As of 10.30 am today, a whopping 3,23,52,039 shares of Tata Consultancy Services Ltd (TCS) got traded in bulk deals on the National Stock Exchange (NSE) as well as the Bombay Stock Exchange (BSE). This includes two trades of 9.04 million shares and 7.5 million shares at 9.15 am that are the largest in at least a decade, if not more. In the bargain, the share price of the fastest growing IT services brand in the world - according to leading brand valuation firm, Brand Finance - cracked over 5% in the morning trade. TCS is currently trading flat at around Rs 2,898 apiece while the Sensex is up 0.18% at around 33,980.

This follows media reports of Tata Sons planning to sell a 1.5% stake in TCS, worth nearly $1.3 billion (Rs 8,500 crore), through block deals. Citigroup and Morgan Stanley are managing the TCS share sale, touted to be the biggest block trade this year at over 28 million shares. As per the deal term sheet, Tata Sons, which owned 73.5 percent of TCS as of end-December, would sell the shares in a price range of Rs 2,872 rupees to Rs 2,925 rupees apiece. That's a discount of 4-6% on TCS' Monday closing price of Rs 3,052 on the BSE.
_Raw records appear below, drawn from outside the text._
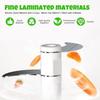 USB Rechargeable Electric Food Chopper, 250ml Mini Vegetable Cutter for Onions, Garlic, Meat, Multifunctional Kitchen Chopper Processor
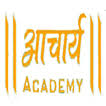 acharyaacademyahmedabad.com logo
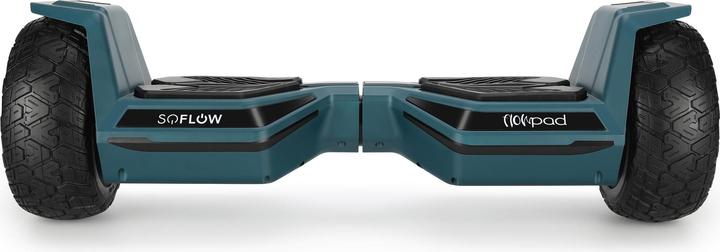 Immagine prodotto SoFlow Cuscinetto di flusso X (11 km/h, 350 W)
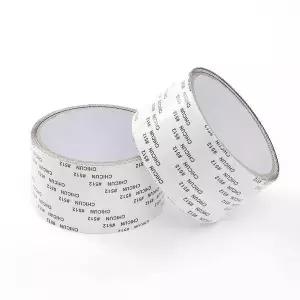 [콩심팥심]방충망 스티커 임시 모기장 보수테이프 2p 해충망보수스티커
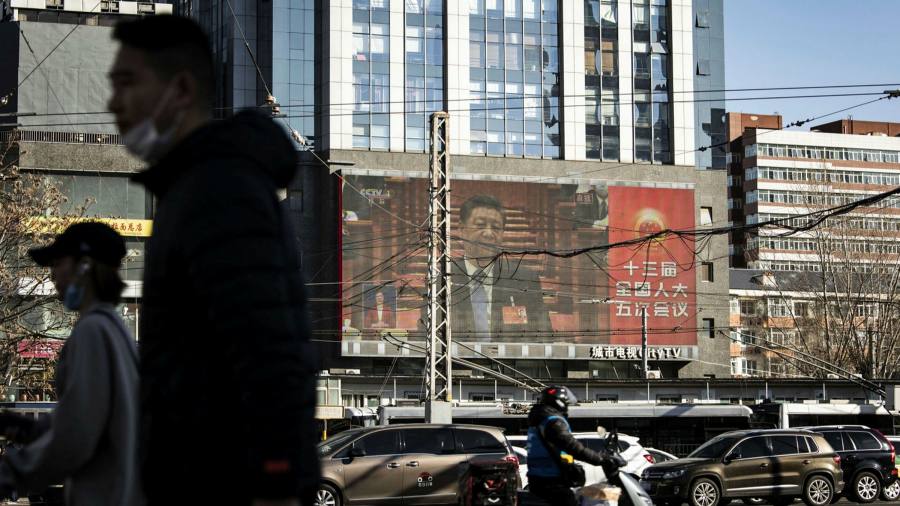 中国市場の回復は、グローバリゼーションの衰退に対する懸念を隠している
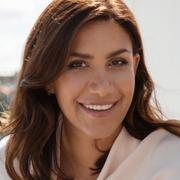 Vd Maryam Ghahremani. 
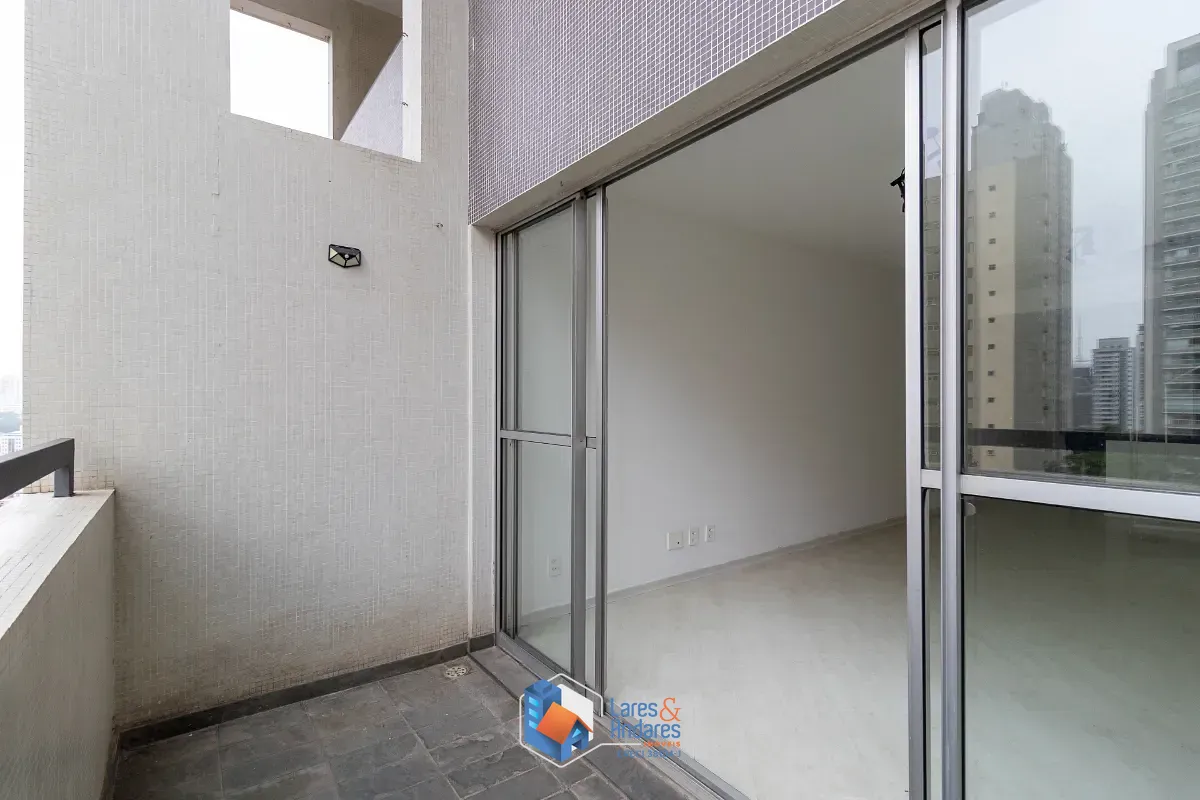 Apartamento, 1 quarto, 74 m² - Foto 9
For the uninitiated, a "bulk deal" is a trade where a single investor buys/sells more than 0.5% of a company's total equity shares, either through single or multiple transactions. On the other hand, a "block deal" is a transaction of over 500,000 shares - or a minimum value of Rs 5 crore - executed through a single transaction. According to Motilal Oswal, these trades are done on a special window that opens for 35 minutes in the morning trading hours. The orders in a block deal are not shown to people who trade from normal trade window.

According to The Economic Times, experts say that the proceeds of this sale may be used to deleverage the balance sheet of Tata Sons. The latter had to shell out $1.2 billion to NTT DoCoMo last year in order to settle the long-standing dispute with the Japanese telecom giant after it exited their joint venture in 2013.

Then there is the debt of over Rs 40,000 crore owed by Tata Teleservices, even as the sale of the consumer wireless unit to Bharti Airtel awaits regulatory approvals. In 2017, Tatas had announced that Tata Teleservices will merge with Bharti Airtel on a no-debt, no-cash basis.  The proceeds from the TCS sale might be used to clear some of this debt.

Incidentally, just last week Bloomberg had reported that Tata Sons is seeking an offshore syndicated loan to repay debt of units Tata Teleservices and Tata Teleservices Maharashtra. The $1.5 billion six-year loan is set to be the first offshore syndicated facility taken out by Tata Sons since 2007. The Group is clearly in a hurry to exit its troubled mobile telephony business.

Other industry experts point out that Tata Sons may choose to use the TCS stake sale proceeds to fund Tata Steel, which is hoping to snap up Bhushan Steel and Bhushan Steel and Power. Tata Steel is reportedly the highest bidder for both bankrupt companies with a total debt of Rs 60,000 crore.

After this block deal, Tata Sons will hold about 73% in TCS, which generated $18 billion in revenues in fiscal 2017. TCS is the most-profitable unit within the $100 billion-plus Tata Group, and ranks among the top three most valuable brands in the global IT services sector along with IBM and Accenture.